Should You Buy a Home When Mortgage Rates Are High?

Mortgage rates impact your payment. The higher the rate, the less affordable homes become. Should you buy when mortgage rates are high?

It’s no secret that real estate prices have skyrocketed in the last three years, partly due to COVID-19 and the increase in work-from-home arrangements. However, the Federal Reserve has considerably raised its target interest rate since the beginning of 2022, affecting most economic rates – including mortgage rates. 

Mortgage rates considerably impact the monthly payment, so the higher the rate, the less affordable homes become. Because of this, potential buyers may wait until rates come down before purchasing a new home. That could make a mortgage payment smaller, but there are also downsides.

If you are thinking about buying a home, should you buy now or wait for lower rates? 

Understanding Mortgage Rates 

Mortgage rates are the interest you pay on the money you borrow to buy a home. The most significant factor in determining your mortgage rate is the current interest rate environment when you take out the loan. Still, personal factors like your credit score, income, and the length of your mortgage play a big part, too. Generally, the riskier it is for the bank to lend you money, the higher your rate will be.

They have fluctuated quite a bit over the years. They were above 7%, often considerably, from the 1970s through the 90s.
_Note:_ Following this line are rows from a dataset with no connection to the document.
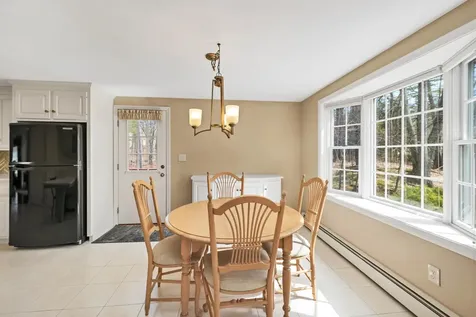 12 Autumn Street Windham NH 03087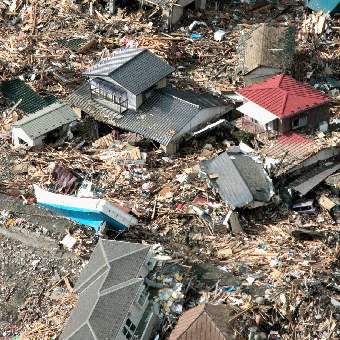 Japan-Aftermath-Minamisanrikucho-debris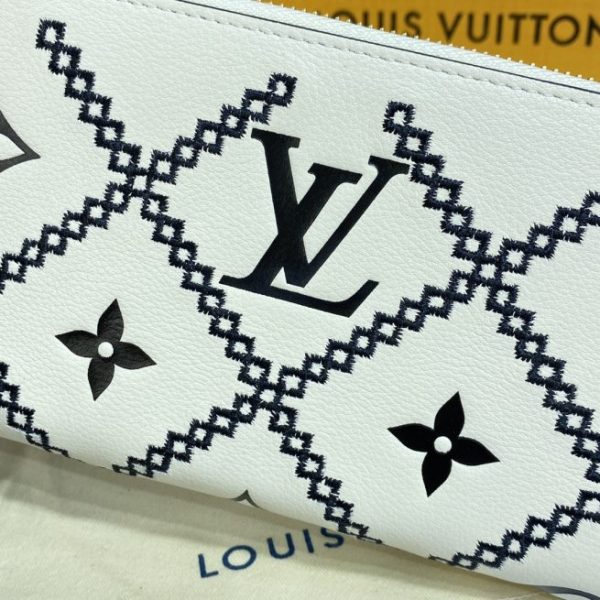 Louis Vuitton Zippy Wallet Empreinte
They started to fall gradually in 2000, reaching about 3% in 2020, but are now near 7%. 

Numbers and percentages are hard to imagine unless put into perspective, so let’s examine them further. On a $500,000 mortgage, a 1% drop would reduce your payment by nearly 10%, or $330 per month ($60,000 over the life of the loan). 

We’ve been spoiled in recent years because interest rates have been so low, but now, with the average near 7%, we’ve had a rude awakening. 

Pros of Buying a Home When Mortgage Rates are High 

There are good reasons to buy now rather than wait for rates to drop. 

If your goal is to build equity, the sooner you begin, the quicker that will happen. There’s also the chance that rates will increase, so you don’t know how long you might wait. Locking in a fixed-rate mortgage now protects you from that risk. The interest on your primary home is also potentially deductible on your tax return.

Cons of Buying a Home When Mortgage Rates are High 

Of course, buying a home when rates are high means your monthly payments will be higher. Since you are limited to what you can afford, that higher payment effectively means you may have to buy a lower-priced home.

There is also a chance that your property value may fall, but you’d be stuck with that high payment. If you’re looking to invest in real estate, a higher mortgage rate means you may not be able to find as many viable investment properties.

Assessing Your Financial Situation 

Before making a decision, assess your budget and make sure it’s affordable. Also, consider how buying a home fits your long-term plan and impacts your other goals.

Lastly, you don’t want to be stuck with a mortgage you can’t pay. Consider how stable your job is. If layoffs are likely or you aren’t sure of your prospects, you might want to hold off.

Strategies for Navigating High Mortgage Rates 

If you decide to buy, shop around for the best mortgage deals. If you can’t find a reasonable rate, you may consider alternatives like seller financing or asset-based lending.

There’s also a type of buying strategy called an assumable mortgage where you can take over the seller’s mortgage rate (which might be lower than the one currently offered). 

Don’t leave money on the table without negotiating with the seller. You won’t get what you don’t ask for.

Factors to Consider in Your Decision 

Think about the local real estate market. Are prices stable? Do most homebuyers work for one or two major employers, or are there more diverse employment opportunities? 

How does buying a home fit into your plans? Buying may not make sense if you plan to be there for just a few years since building enough equity generally takes 5 to 7 years to make up for closing costs and interest payments.

Don’t forget about your risk tolerance. Buying a home is a big commitment, so wait until you are comfortable taking that risk.

In addition, you also need to remember to factor taxes, insurance, and maintenance for your home into the equation when determining your budget. 

You can also get creative in your home buying process! Perhaps you purchase a duplex instead of a single family home and rent out the other unit. Or, you could buy a house with an accessory dwelling unit (like a loft living space in an attic or garage) and use it as a rental location to help offset your mortgage costs. 

Unfortunately, it’s impossible to predict where rates will go from here. It could be decades before they fall, and they may even continue to climb. Assess your situation, consider your budget, and consider how buying a home fits your overall plan. Above all, buy when the time is right for you.